Ali was appointed mutasarrıf of Ioanninna at the end of 1784 or beginning of 1785, but was soon dismissed, returning to the position at the end of 1787 or start of 1788. His rise through Ottoman ranks continued with his appointment as lieutenant to the Pasha of Rumelia.

After supporting the Sultan in conflicts between local feudal lords, he was appointed to rule the Sanjak of Delvina in 1785 with the title of Pasha. In reward for his services at Banat during the Austro-Turkish War (1787–1791), he was additionally granted the Sanjak of Trikala in 1787, which was at the time suffering from brigand raids. After achieving peace in Trikala by hunting down brigands, he was granted the role of supervisor of the tolls of "Tosceria and Epirus". In 1787 or 1788 he seized control of town of Ioannina, the major financial centre of all of Epirus and Albania, and enlisted most of the brigands under his own banner. That same year, Ali declared himself ruler of the Sanjak of Ioannina under the title Pasha of Yanina, delegating the title of Pasha of Trikala to his son, Veli. This marked the beginning of the Pashalik of Yanina, and Ioannina would be his power base for the next 33 years. Over this period, Ali took advantage of a weak Ottoman government to expand his territory still further until he gained control over most of Albania and northwestern Greece.

During war-time, Ali Pasha could assemble an army of 50,000 men in a matter of two to three days and could double that number in two to three weeks. Leading these armed forces was the Supreme Council. The Commander-in-chief was the founder and financier, Ali Pasha. Council members included Muftar Pasha, Veli Pasha, Celâleddin Bey, Abdullah Pashe Taushani and a number of his trusted men like Hasan Dervishi, Omar Vrioni, Meço Bono, Ago Myhyrdari, Thanasis Vagias, Veli Gega and Tahir Abazi.

Ali Pasha as ruler

As Pasha of Ioannina, he slowly laid the foundations for the creation of an almost independent state, which included a large part of Greece and Albania. During his rule, the town of Ioannina developed into a major educational, cultural, political and economic hub. In order to achieve his goals, he allied with all religious and ethnic groups in his territory. At the same time, he did not hesitate to fiercely crush any opponent. As he also developed relations with European powers.

Ali's policy as ruler of Ioánnina was mostly governed by expediency; he operated as a semi-independent despot and pragmatically allied himself with whoever offered the most advantage at the time. In fact, it was Ali Pasha and his Albanian soldiers and mercenaries who subdued the independent Souli.

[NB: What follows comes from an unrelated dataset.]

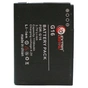 Акумуляторна батарея Extradigital HTC Status (1150 mAh) (DV00DV6109) - зменшене зображення 1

Ali Pasha wanted to establish in the Mediterranean a sea-power which would be a counterpart of that of the Dey of Algiers, Ahmed ben Ali. 
In order to gain a seaport on the Albanian coast, which was dominated by Venice, Ali Pasha formed an alliance with Napoleon I of France, who had established François Pouqueville as his general consul in Ioannina, with the complete consent of the Ottoman Sultan Selim III.

After the Treaty of Tilsit, where Napoleon granted the Czar his plan to dismantle the Ottoman Empire, Ali Pasha switched sides and allied with Britain in 1807; a detailed account of his alliance with the British was written by Sir Richard Church. His actions were permitted by the Ottoman government in Constantinople. Ali Pasha was very cautious and displeased by the emergence of the new Ottoman Sultan Mahmud II in the year 1808.

Lord Byron visited Ali's court in Ioánnina in 1809 and recorded the encounter in his work Childe Harold. He evidently had mixed feelings about the despot, noting the splendour of Ali Pasha's court and the Greek cultural revival that he had encouraged in Ioánnina, which Byron described as being "superior in wealth, refinement and learning" to any other Greek town.

In a letter to his mother, however, Byron deplored Ali's cruelty: "His Highness is a remorseless tyrant, guilty of the most horrible cruelties, very brave, so good a general that they call him the Mahometan Buonaparte ... but as barbarous as he is successful, roasting rebels, etc, etc.."

Different tales about his sexual proclivities emerged from western visitors to Pasha's court (including Lord Byron, the , and Frederick North, Earl of Guildford). These documenters wrote that he kept a large harem of both women and men. Such accounts may reflect the Orientalist imagination of Europe and underplay the historical role of Pasha rather than telling us anything concrete about his sexuality.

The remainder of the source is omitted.